PROBLEM:
Please give the number of lines in the records below where the word "there" occurs, and nothing else.
*** RECORDS ***
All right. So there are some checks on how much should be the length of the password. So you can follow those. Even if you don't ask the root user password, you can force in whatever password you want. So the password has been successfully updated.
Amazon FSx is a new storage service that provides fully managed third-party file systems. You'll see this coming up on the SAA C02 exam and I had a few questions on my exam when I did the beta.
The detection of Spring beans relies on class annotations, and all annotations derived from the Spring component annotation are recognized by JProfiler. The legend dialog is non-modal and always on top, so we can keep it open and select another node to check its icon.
*** End of RECORDS ***
*** RECORDS ***
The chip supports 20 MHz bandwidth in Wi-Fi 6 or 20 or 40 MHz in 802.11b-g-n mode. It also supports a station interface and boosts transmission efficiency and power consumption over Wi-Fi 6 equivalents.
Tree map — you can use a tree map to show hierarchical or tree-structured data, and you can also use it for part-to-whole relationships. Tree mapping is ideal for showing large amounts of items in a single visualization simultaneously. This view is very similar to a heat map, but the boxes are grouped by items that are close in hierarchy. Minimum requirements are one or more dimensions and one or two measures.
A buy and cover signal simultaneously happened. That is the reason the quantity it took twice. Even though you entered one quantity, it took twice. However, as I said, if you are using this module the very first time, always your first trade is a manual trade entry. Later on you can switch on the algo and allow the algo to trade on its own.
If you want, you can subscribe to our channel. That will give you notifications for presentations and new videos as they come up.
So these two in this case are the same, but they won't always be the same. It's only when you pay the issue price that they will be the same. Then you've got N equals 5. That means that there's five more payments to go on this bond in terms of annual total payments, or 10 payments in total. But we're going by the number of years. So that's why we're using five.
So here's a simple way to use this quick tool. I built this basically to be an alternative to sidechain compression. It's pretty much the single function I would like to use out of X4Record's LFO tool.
*** End of RECORDS ***
*** RECORDS ***
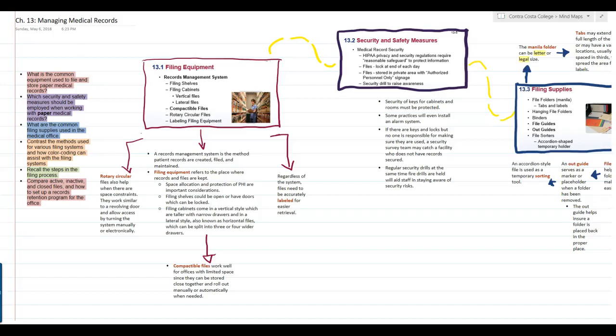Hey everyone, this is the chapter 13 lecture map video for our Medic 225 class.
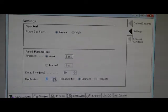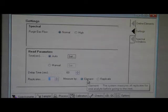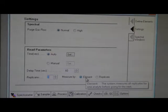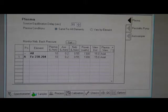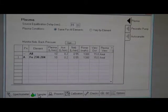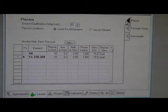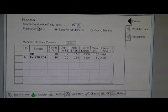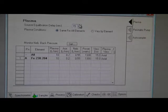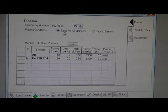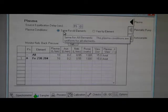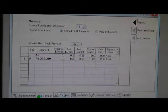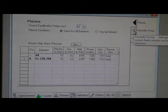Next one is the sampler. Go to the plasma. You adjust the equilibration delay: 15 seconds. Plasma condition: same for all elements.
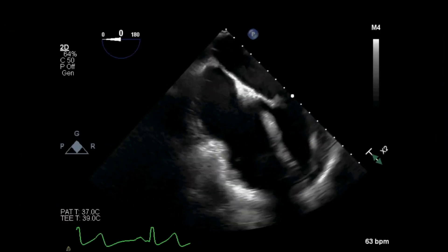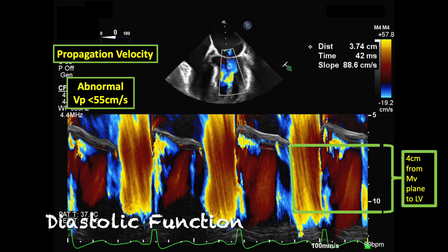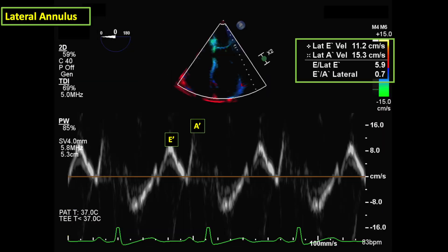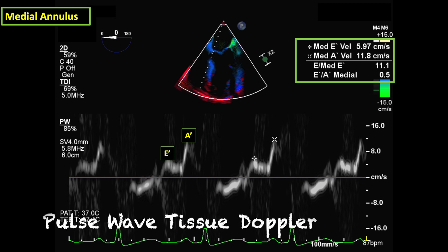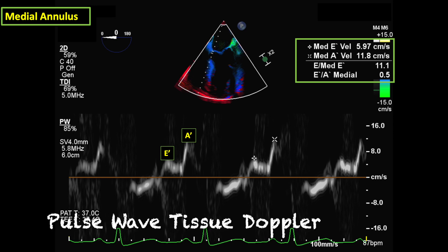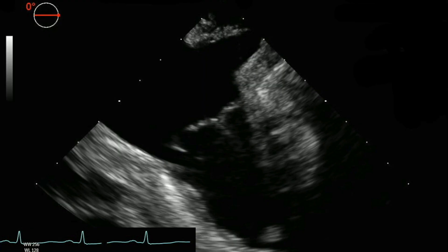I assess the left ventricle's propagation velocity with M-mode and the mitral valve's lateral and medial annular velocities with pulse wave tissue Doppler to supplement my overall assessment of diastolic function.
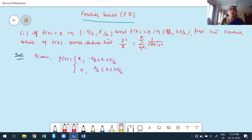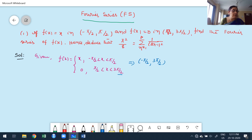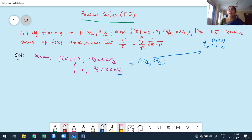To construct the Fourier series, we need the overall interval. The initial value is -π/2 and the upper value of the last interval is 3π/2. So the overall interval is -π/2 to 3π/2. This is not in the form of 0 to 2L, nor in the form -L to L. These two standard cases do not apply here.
*** End of RECORDS ***
SOLUTION FOR THIS TASK:
2